**WORK TO BE COMPLETED**
Would it be possible to output exactly, and only, the lines below from the one holding "Diversey DD1229106 TASKI" to the last line, both included, with every picture left out?
START MATERIAL PROVIDED
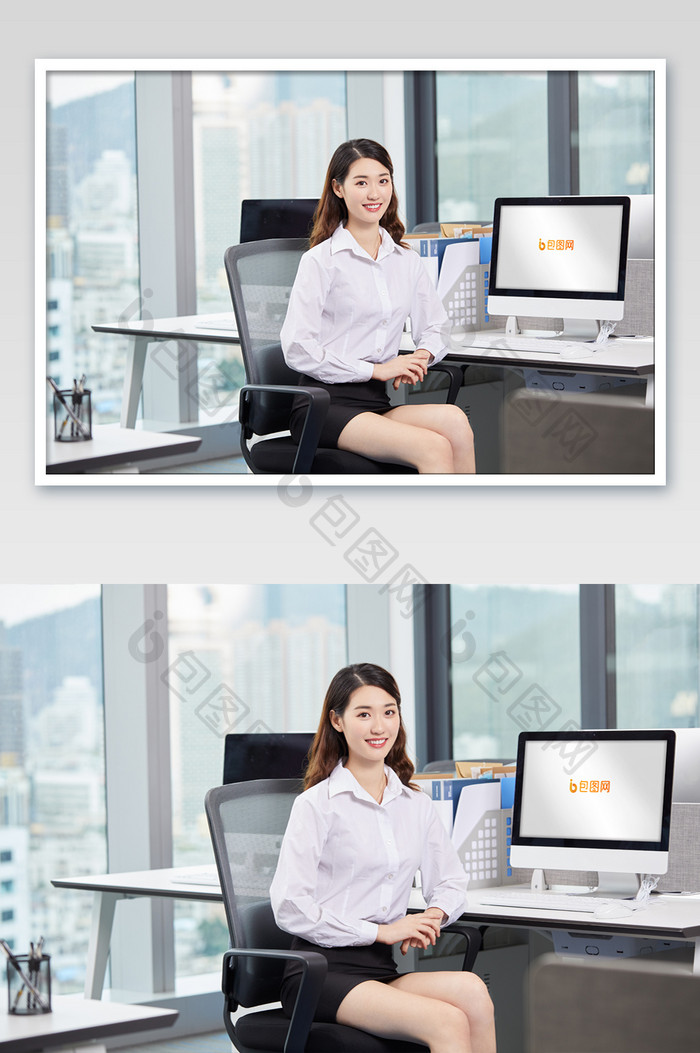 商务办公人员微笑电脑显示屏投屏海报样机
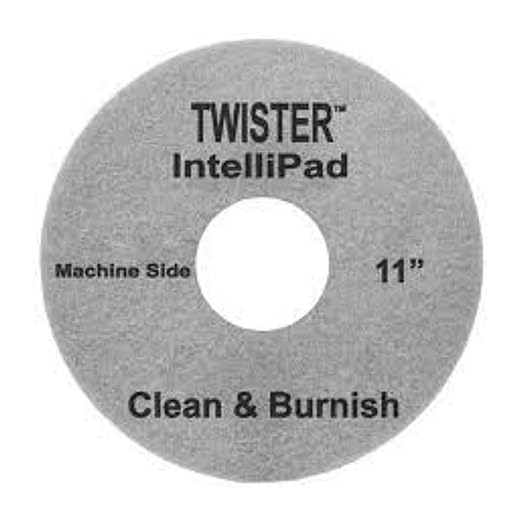 Diversey DD1229106 TASKI Twister Intellipad Diamond Coated Floor Machine Cleaning Pad, Made in USA, Burnish to High Super Gloss Finish, Grey/Brown, 11-inch (Pack of 2)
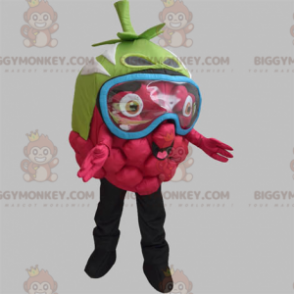 Giant Raspberry BIGGYMONKEY™ Maskottchen-Kostüm mit Augenmaske - Fruchtmaskottchen - BIGGYMONKEY_05573 - BiggyMonkey.com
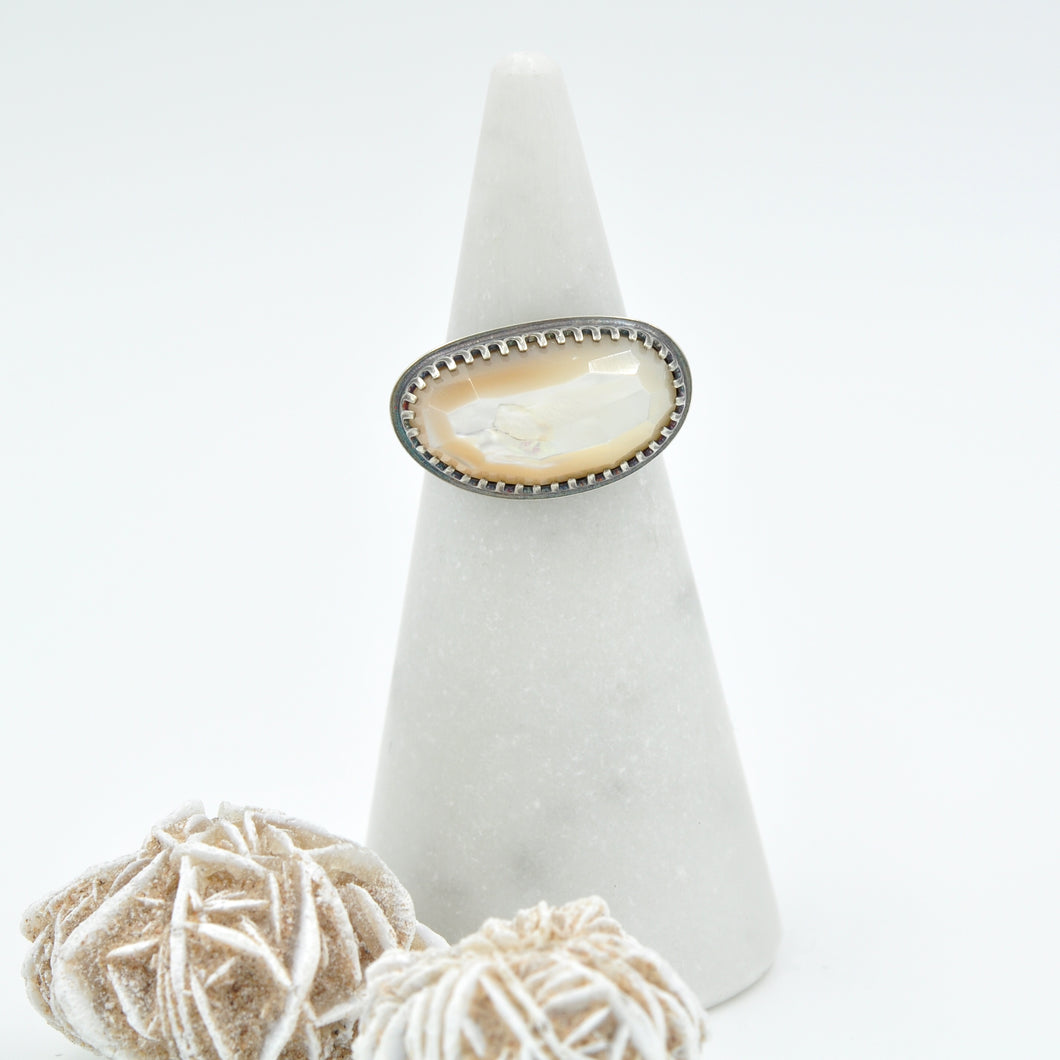 Mother of Pearl Statement Ring with Decorative Band - Size 7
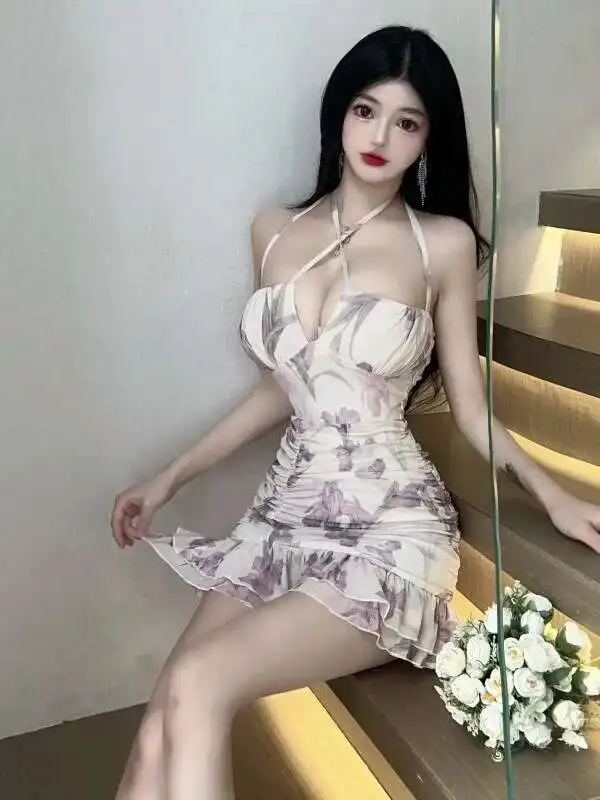 WOMENGAGA Mini Tank Kleid V-ausschnitt Sexy Spicy Girl Strap Hängenden Hals Blume Rüschen Kleid Vintage Elegante Kleider Koreanischen Stil FXQ4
END MATERIAL PROVIDED
**WORKED SOLUTION**
 Diversey DD1229106 TASKI Twister Intellipad Diamond Coated Floor Machine Cleaning Pad, Made in USA, Burnish to High Super Gloss Finish, Grey/Brown, 11-inch (Pack of 2)
 Giant Raspberry BIGGYMONKEY™ Maskottchen-Kostüm mit Augenmaske - Fruchtmaskottchen - BIGGYMONKEY_05573 - BiggyMonkey.com
 Mother of Pearl Statement Ring with Decorative Band - Size 7
 WOMENGAGA Mini Tank Kleid V-ausschnitt Sexy Spicy Girl Strap Hängenden Hals Blume Rüschen Kleid Vintage Elegante Kleider Koreanischen Stil FXQ4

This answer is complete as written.